Данзой обратился к князю:

– Разреши, князь, сказать. Сейчас, после скачки, кони утомлены, нуждаются в отдыхе и корме. Пока вы отдохнете, наш раненый воин будет совсем здоров. Я осмотрел его раны, они пустяковые и скоро заживут, а ехать не помешают. Возьми его себе в свиту. Такого молодца с двумя конями и меткими стрелами никогда не плохо иметь при себе, особенно в степях Тавриды.

Фарзой внимательно посмотрел на раненого. Тот уже поднялся с земли и отряхивал плащ. Среднего роста, соразмерно сложенный, он производил впечатление хорошо тренированного гимнаста. Одежда и оружие на нем были так подогнаны, что не стесняли движений. Гладко выбритое сухощавое лицо с прямым крупным носом и открытыми, смело смотрящими глазами выражало прямоту характера и врожденное мужество. Он понравился Фарзою, но князь заметил про себя, что это человек городской, хвативший эллинской культуры, может, прошедший выучку в рядах наемного войска боспорского царя и, наверно, едущий в Неаполь с каким-то поручением.

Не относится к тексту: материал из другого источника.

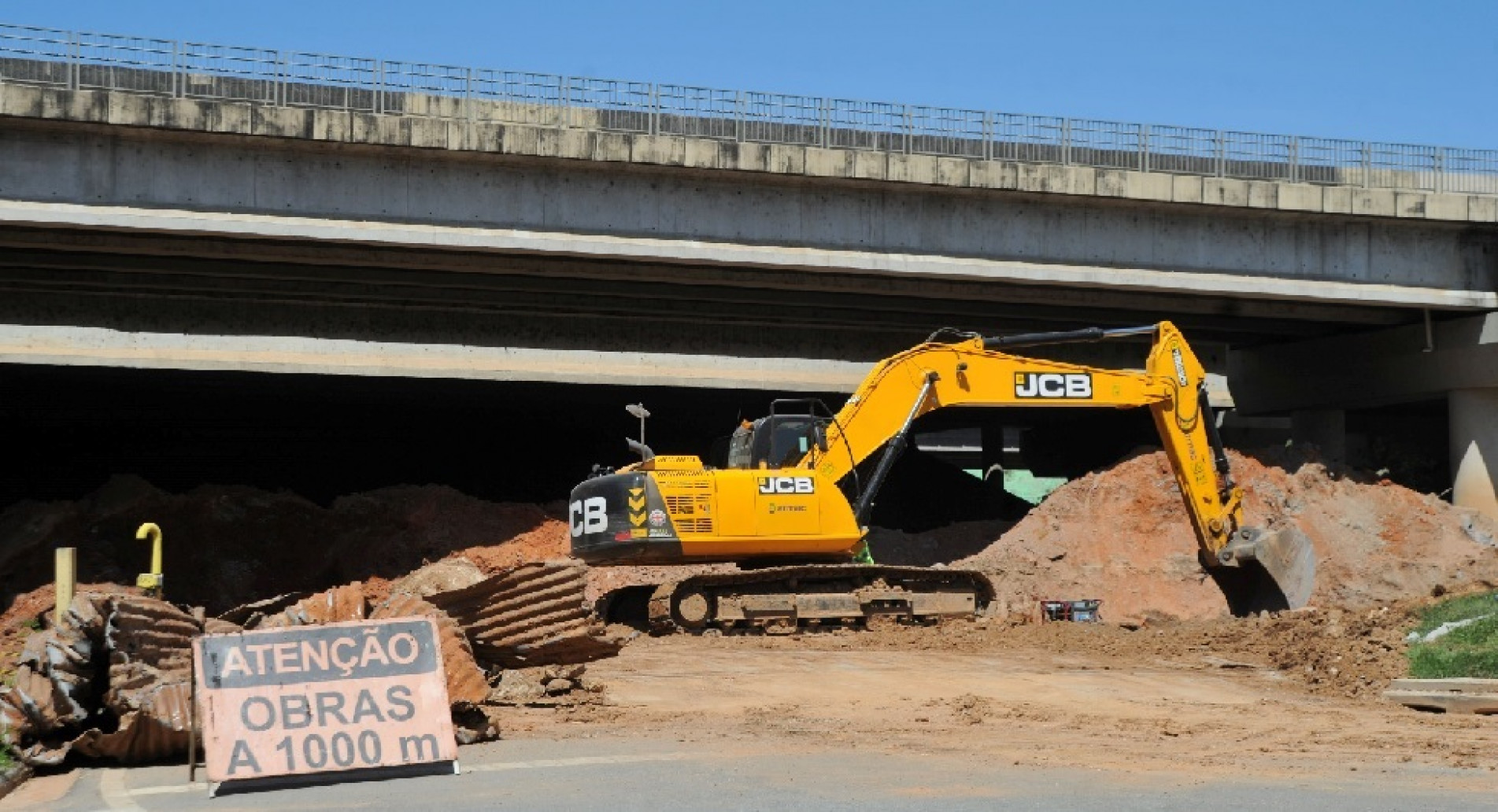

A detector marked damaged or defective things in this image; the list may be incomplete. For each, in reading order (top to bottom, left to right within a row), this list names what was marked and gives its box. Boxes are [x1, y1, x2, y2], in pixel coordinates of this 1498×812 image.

rusty metal sheet [254, 587, 365, 629]
rusty metal sheet [199, 620, 455, 784]
rusty metal sheet [371, 593, 488, 707]
rusty metal sheet [425, 563, 617, 671]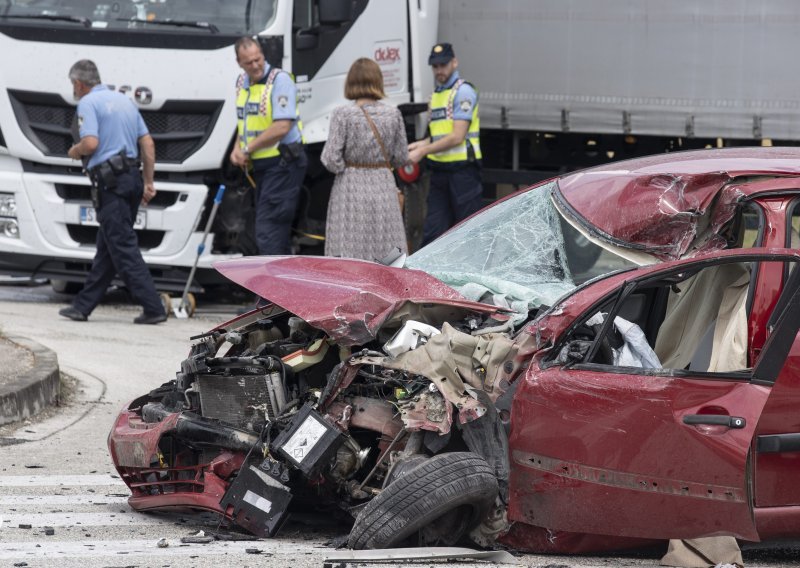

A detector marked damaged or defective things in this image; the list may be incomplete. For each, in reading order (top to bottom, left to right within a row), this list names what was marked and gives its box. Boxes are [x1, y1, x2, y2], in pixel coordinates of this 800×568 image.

shattered windshield [0, 0, 278, 33]
crushed car hood [212, 258, 500, 346]
crumpled metal panel [214, 255, 500, 344]
wrecked red car [112, 149, 800, 552]
shattered windshield [406, 184, 636, 320]
crushed car hood [556, 148, 800, 260]
crumpled metal panel [556, 146, 800, 262]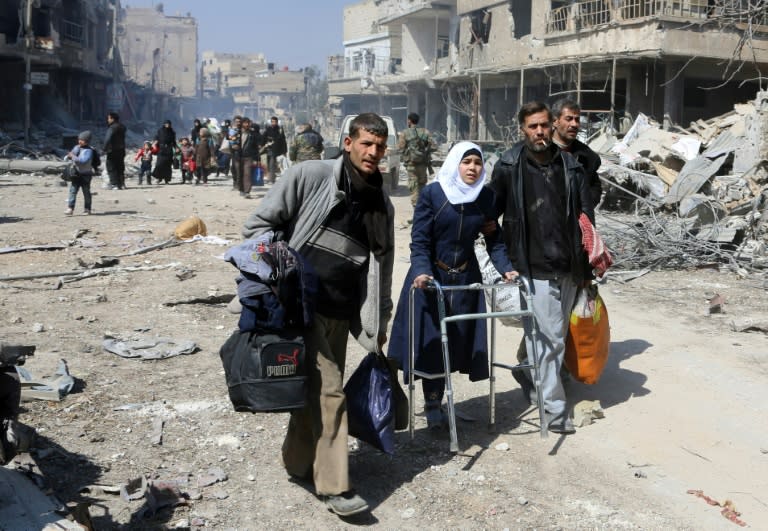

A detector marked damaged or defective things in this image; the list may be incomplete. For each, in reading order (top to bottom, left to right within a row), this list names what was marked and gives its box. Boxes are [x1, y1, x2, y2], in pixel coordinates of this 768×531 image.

– Скажи, путник, – спросил князь, – ты едешь в Неаполь из Пантикапея?

– Ты проницателен, князь, от твоего взора истина не укроется, – сатавк поклонился, – я еду из Боспора в главный город наших старших братьев сколотов по делу. Сам я сатавк, но нахожусь на службе у важного лица, которое и послало меня в Неаполь. Зовут меня Лайонак!

– Хорошо. Переночуем здесь, кони наши попасутся, мы отдохнем, а завтра двинемся в Неаполь. Разрешаю тебе, боспорец, быть нашим спутником!

– Спасибо, славный князь!

– О князь Фарзой! – воскликнул Данзой. – Ты не должен оставаться здесь с ночевкой!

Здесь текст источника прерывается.